Watersheds with lots of roads, buildings, parking lots, rock surfaces, compacted dirt, etc tend to prevent inflitration and cause rapid runoff in response to rainfall. This poses a number of challenges for managing stormwater and water quality. Not surprisingly, the percentage of hydrologically impervious surface in a given watershed is an important factor in many hydrologic models. Using standard aerial photography and GRASS, it's a relatively simple process to create an impervious surface map using supervised classification.
First find an aerial photo. I grabbed a NAIP image from CASIL but you might want to try using OpenAerialMap. The red, green and blue visible bands are usually sufficient for differentiating between impervious and pervious land use types... For distinguishing different types of vegetation you might want to use a multispectral imagery source with non-visible bands (ie near infrared) but this is usually lower resolution (eg. 30 meter pixels of Landsat) or much more expensive.
Next we jump into GRASS and import our image into a new location:
r.in.gdal -e input=naip.img output=naip location=impervious
Exit and log back into your new location. If you look at the imported rasters, you'll see three rasters, not one. Each band (R, G and B) gets imported separately.
GRASS 6.3.cvs (impervious):~/> g.list rast
raster files available in mapset permanent:
naip.1 naip.2 naip.3
We need to indicate that these rasters form a logical group
i.group group=naip2 subgroup=naip2 input=naip.3@PERMANENT,naip.2@PERMANENT,naip.1@PERMANENT
i.target -c group=naip2
At any time you can list the rasters in a given group/subgroup to confirm.
i.group -l -g group=naip2 subgroup=naip2
Now the real heart of the process. We need to define "training areas" which are polygons around representative land use types. I used QGIS to load the aerial photo and create a new polygon layer with an integer attribute field called vegnum. I digitized a few rocks, paved areas, rooftops and dirt roads to represent the impervious areas to which I assigned vegnum=1. Then I selected some grasslands, forests, lakes and chaparral and assigned 2 as the vegnum. The next step is to load the polygon data into GRASS and rasterize it (in retrospect it would have just been easier to create the grass vector layer from scratch in QGIS to avoid the import step). Note that the vegnum field is specified as the raster value column.
v.in.ogr -o dsn=./training/train1_utm/train1_utm.shp output=train1 layer=train1_utm min_area=0.0001 type=boundary snap=-1
v.to.rast input=train1 output=train1 use=attr column=vegnum type=point,line,area layer=1 value=1 rows=4096
Next we use i.gensig to generate a spectral signature (the statistical profile; mean and covariance matrix of the input pixels) for the training areas.
i.gensig trainingmap=train1 group=naip2 subgroup=naip2 signaturefile=naip2_train1.sig
Now that we have a signature of impervious vs. non-impervious surfaces, we can use the maximum likelihood method to classify each pixel into the highest probability category.
i.maxlik group=naip2 subgroup=naip2 sigfile=naip2_train1.sig class=imperv
You might notice a slight speckled, noisy appearance due to things like shadows, reflections or imperfect training areas.

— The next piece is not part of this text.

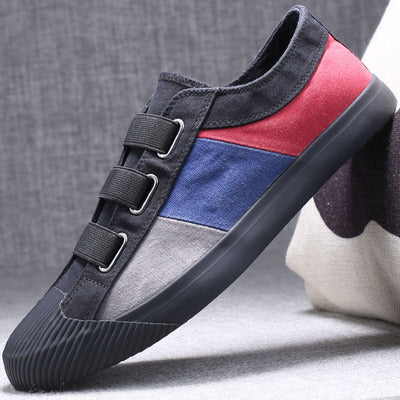 Importé - Chaussure Sport Homme Tennis Décontractée En Toile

Usually these small 1-pixel deviations are not interesting enough to keep so we can smooth out the image taking the mode (most comon) cell in a 3x3 window.

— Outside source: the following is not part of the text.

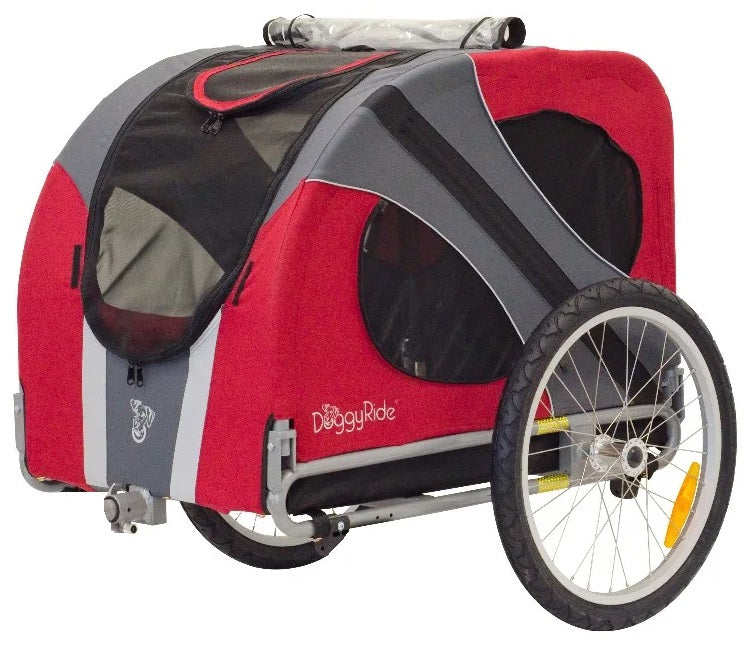 Nur Doggyride Novel20, rote Kabine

r.neighbors input=imperv output=imperv_mode method=mode size=3
And here are the results... calculating imperviousness will most likely be an iterative process so be prepared to evaluate the output, tweak the training areas and rerun the process a few times. Once you're happy with the results, you can use zonal statistics with a tool like starspan to find the percent imperviousness of your watersheds or other regions.